A group representing local public school boards is asking the Biden administration to invoke the Patriot Act and federal hate crimes legislation, among other measures, to go after parents who have aggressively opposed board policies and members who have adopted measures such as mask mandates and the teaching of critical race theory curricula.
In the open letter addressed to President Joe Biden, the National School Boards Association asserts that ''education leaders are under an immediate threat.''
The request ''to deal with the growing number of threats of violence and acts of intimidation occurring across the nation'' comes as reports of angry parents expressing opposition to COVID-19 policies and curriculum changes — particularly those tied to critical race theory — have become more frequent.
Videos of loud and demonstrative attendees of school board meetings across the country, particularly Loudoun County in Virginia, have circulated on the internet.
Critical race theory is defined by the Encyclopaedia Britannica as the concept in which race is a socially constructed category ingrained in U.S. law intended to maintain social, economic, and political inequalities between whites and nonwhites. It holds that U.S. society is inherently racist.
The NSBA letter, signed by its president, Viola M. Garcia, and interim executive director and CEO, Chip Slaven, asks that the Biden administration mobilize the resources of the departments of Justice, Education and Homeland Security, and the FBI and its counterterrorism division.
''Additionally, NSBA requests that such review examine appropriate enforceable actions against these crimes and acts of violence under the Gun-Free School Zones Act, the PATRIOT Act in regards to domestic terrorism, the Matthew Shepard and James Byrd Jr.
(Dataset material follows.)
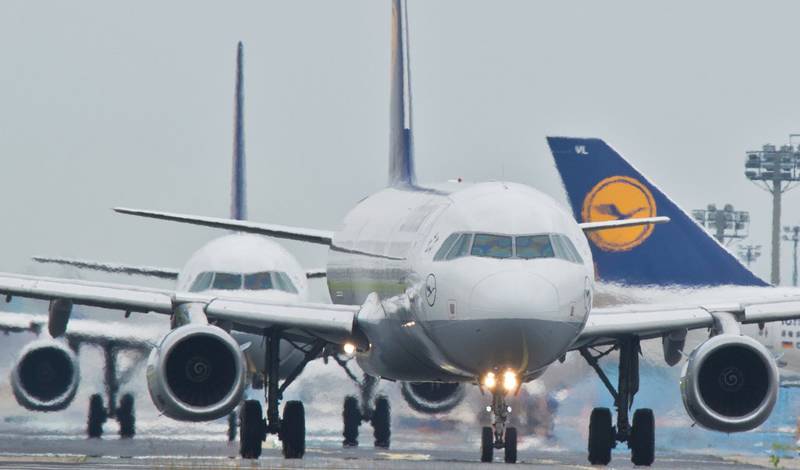 ЕС внёс в чёрный список 232 авиакомпании по всему миру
Hate Crimes Prevention Act, the Violent Interference with Federally Protected Rights statute, the Conspiracy Against Rights statute, an Executive Order to enforce all applicable federal laws for the protection of students and public school district personnel, and any related measure,'' the letter reads.
''As the threats grow and news of extremist hate organizations showing up at school board meetings is being reported, this is a critical time for a proactive approach to deal with this difficult issue.''
The letter cited examples of a person in Michigan yelling a ''Nazi salute'' at a protest of mask mandates and another of a ticket for trespassing in Virginia for opposing a mask mandate.
It added that many school board members have chosen to resign or not seek reelection.
White House spokeswoman Jen Psaki on Thursday said local law enforcement is largely responsible for local school boards, but "we’re continuing to explore if more can be done from across the administration."